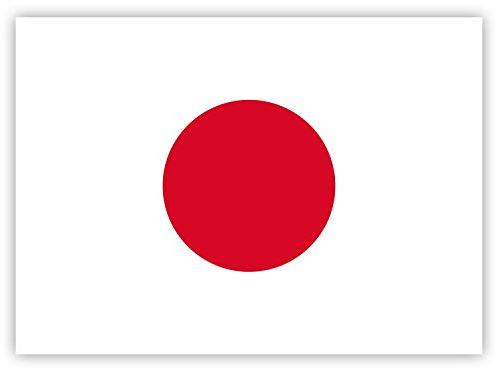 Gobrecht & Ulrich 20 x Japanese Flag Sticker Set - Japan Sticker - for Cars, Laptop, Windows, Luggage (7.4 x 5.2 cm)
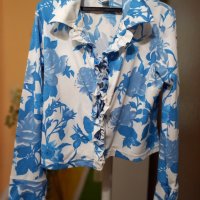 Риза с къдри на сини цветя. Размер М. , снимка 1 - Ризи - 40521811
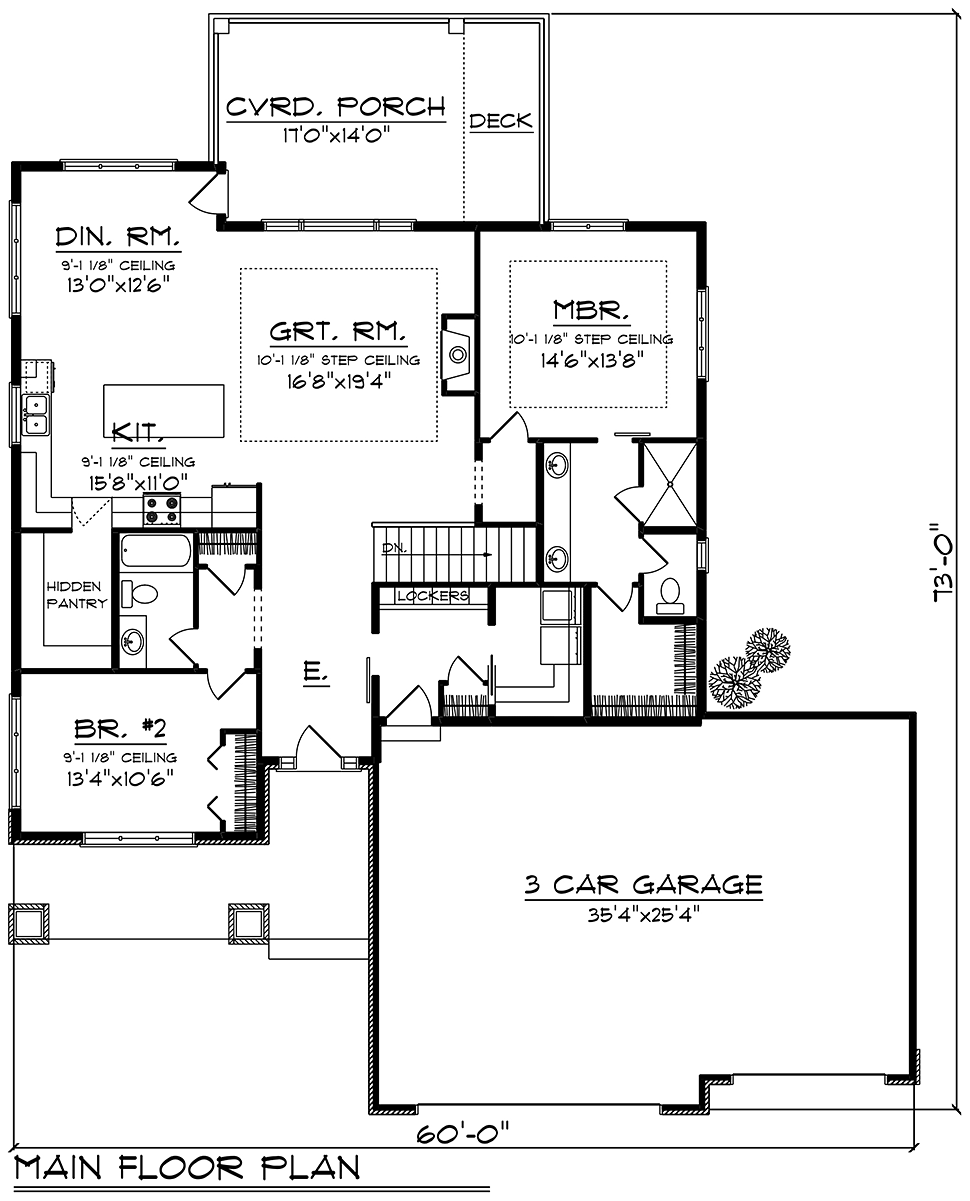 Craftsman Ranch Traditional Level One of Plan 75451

━━━━━━━━

The response has to be an exact copy of all the data, pictures excluded.

▶ _TASK ANSWER_:
 Gobrecht & Ulrich 20 x Japanese Flag Sticker Set - Japan Sticker - for Cars, Laptop, Windows, Luggage (7.4 x 5.2 cm)
 Риза с къдри на сини цветя. Размер М. , снимка 1 - Ризи - 40521811
 Craftsman Ranch Traditional Level One of Plan 75451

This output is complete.